Should all restaurants cater to young families?
Last year, this question was at the center of a Facebook debate involving a popular Canadian restaurant chain.
A woman dined out with her husband and 9-month-old son at Earls in North Vancouver, British Columbia, and they quickly learned that children were not welcome.
“I was quite disappointed when we asked our hostess for a highchair and were told that the restaurant didn’t have any. Our hostess offered us a booster seat, but as any parent knows – a booster seat is completely useless with a baby,” she wrote on Earls’ Facebook page. “I was also unhappy to find there was no change table in the restroom (most restaurants will have them discreetly installed on the wheelchair stall wall).”
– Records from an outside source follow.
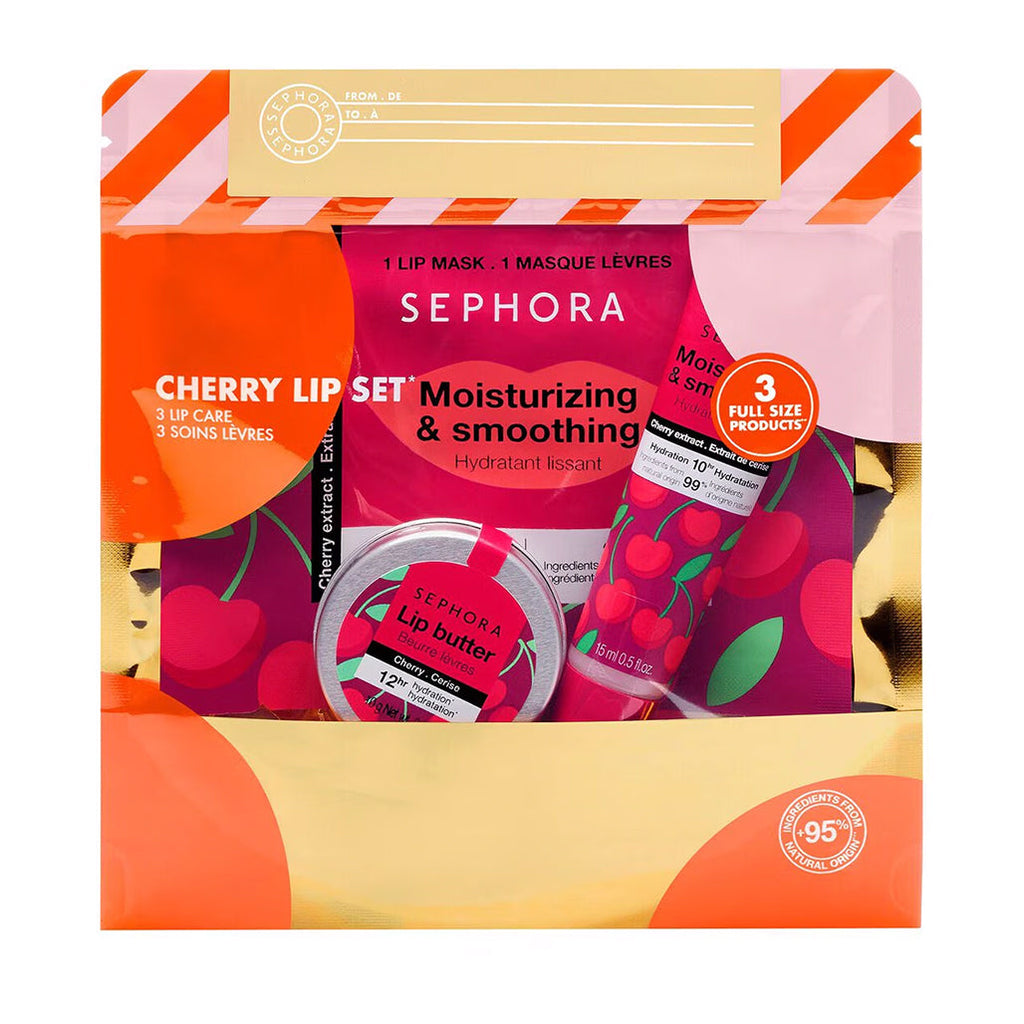 Sephora Cherry Lip Care Set – Hydrating Lip Butter, Lip Mask & Sleeping Mask Trio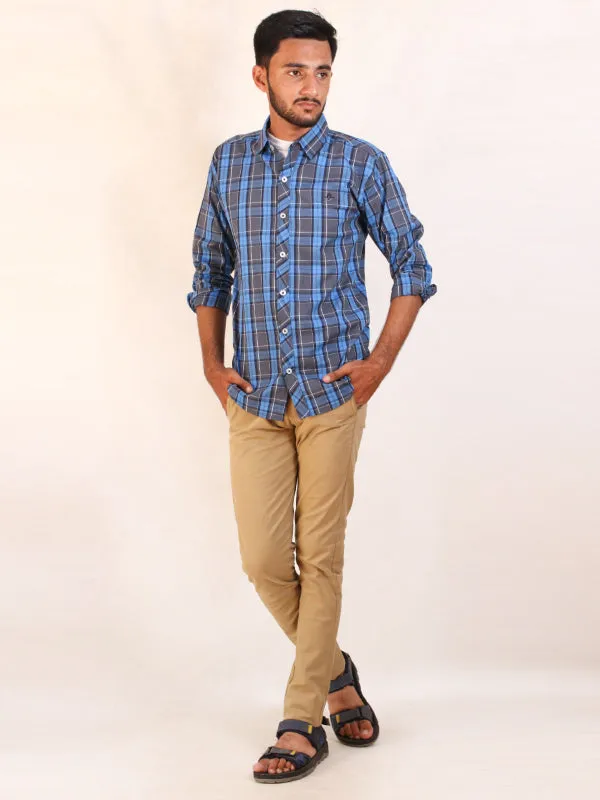 MCS03 AZ Men's Cotton Casual Shirt Gray Checks
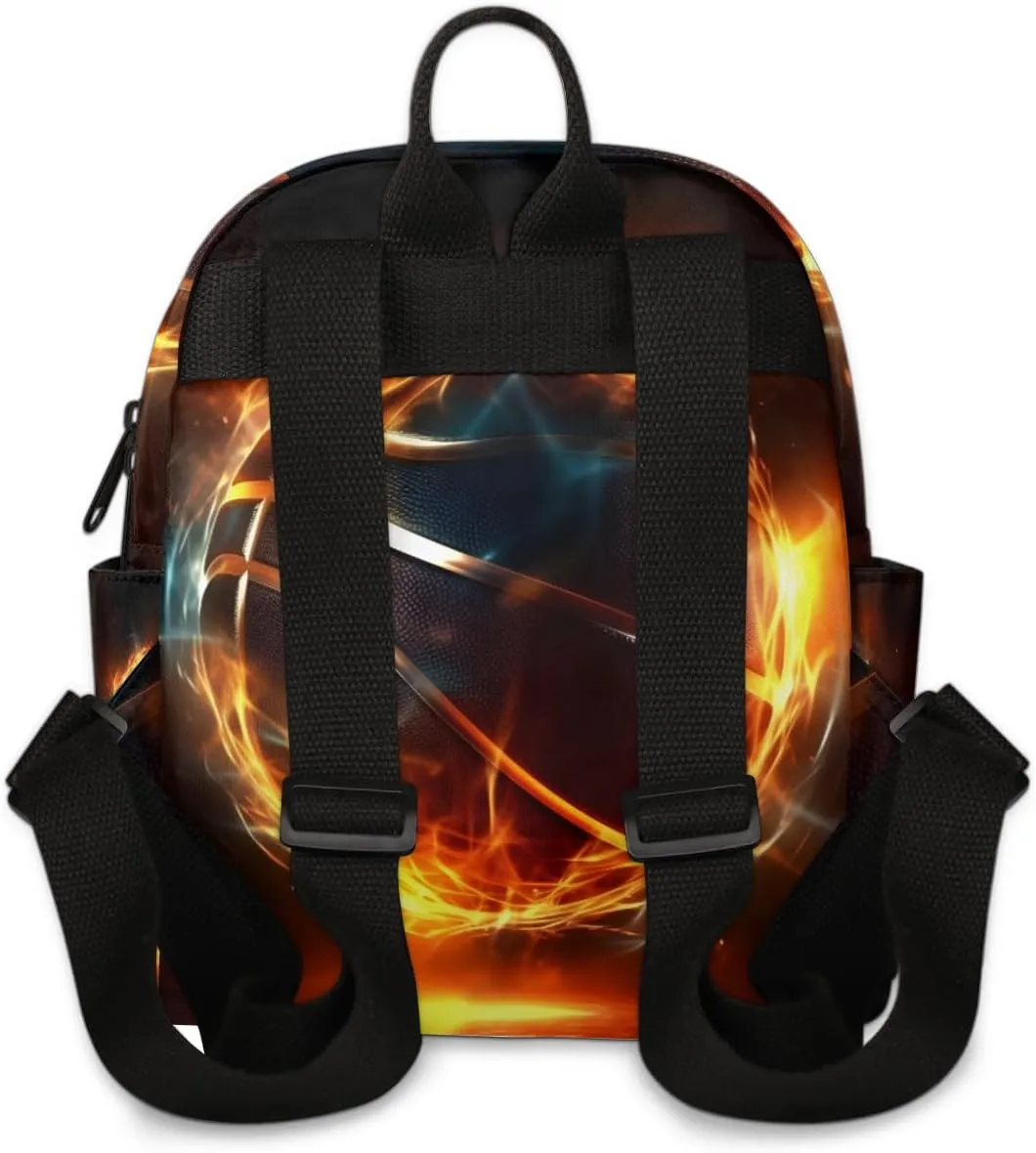 Basketball Fire Flame Mini Backpack Purse for Women Fashion Lightweight Small Daypack Ladies Travel Handbags Shoulder Bag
Hundreds of people chimed in on this subject, with half of the commenters saying they don’t want to hear crying babies while they dine out, and the other half arguing that restaurants can’t discriminate against families.
Now, another Canadian restaurant is in the news as this debate rages on. But on the contrary, Carino Bistro in Calgary, Alberta rewards parents who have “well behaved kids.”
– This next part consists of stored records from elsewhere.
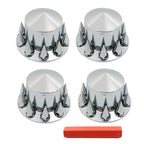 Chrome Semi Trucks Hub Cover Wheel Set Rear 33mm Nut Covers Spike USA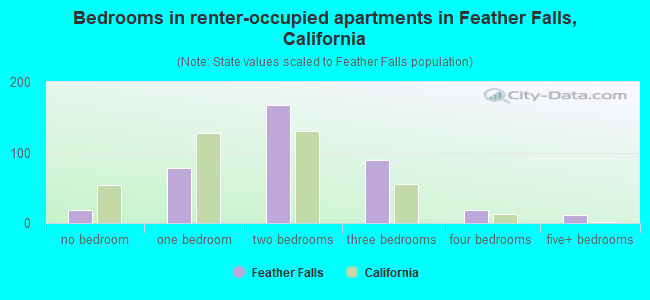Bedrooms in renter-occupied apartments in Feather Falls, California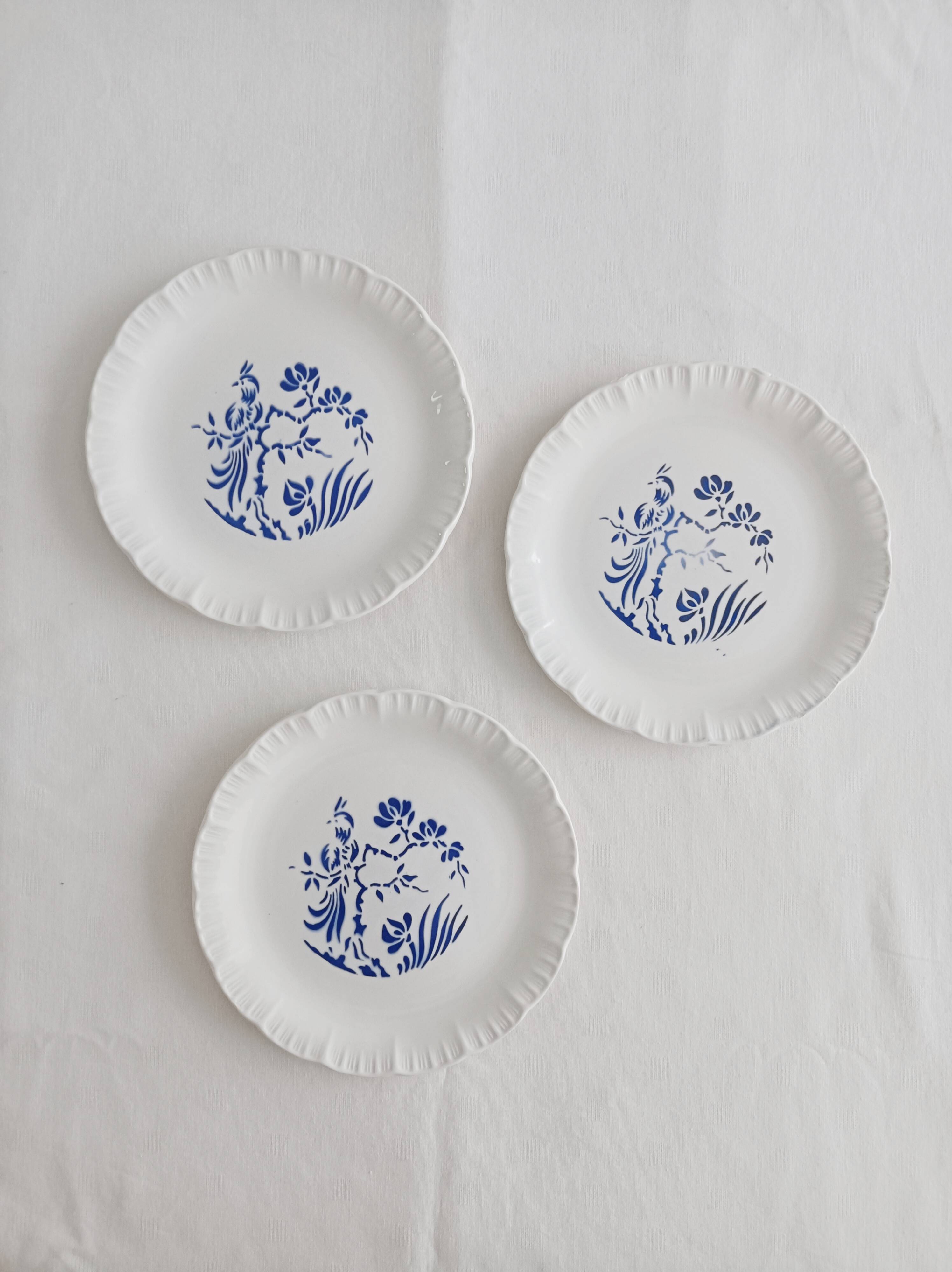 Set of 3 Digoin Sarreguemines Paradis dessert plates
As such, a photo from the eatery has gone viral, showcasing a receipt handed out to a family with a toddler, which included a $5 discount for their stellar tot.
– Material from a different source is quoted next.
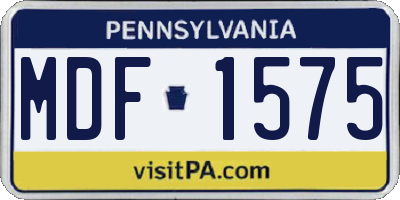 PA license plate MDF1575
“We’ve been doing it for about a year,” owner Toshi Karino tells Global, adding that he’s shocked by all the attention his Japanese restaurant has received. “This is the first time that we’ve ever given it out that people have noticed.”
Karino says the discount is a way to thank families who enjoy their meal together, instead of arguing or spending their time glued to technology such as smartphones and iPads.
“We only have a 35 seat restaurant, it’s pretty small, and between the tables it’s close together,” he says. “We want to show some appreciation for the kids and parents, if they don’t make [other diners] uncomfortable. We don’t say anything, we don’t let the customers know. We just say thank you when we [hand over] the bill.”
But now that the secret is out, Karino might have to change his policy.
“If customers feel unhappy when we don’t give them the discount for the kids, we are concerned about that,” he says. “Maybe we’ll have to think of something different…maybe to some people having a nice, quiet dinner.”
What do you think about rewarding families for “well behaved kids?” Is this the most genius idea ever, or does it strike a nerve for those who don’t receive the discount? Does this mean you’re a bad parent and your kids are brats?
Could this be a unique solution for restaurants like Earls who frown upon family diners?
What is your best solution for this ongoing debate?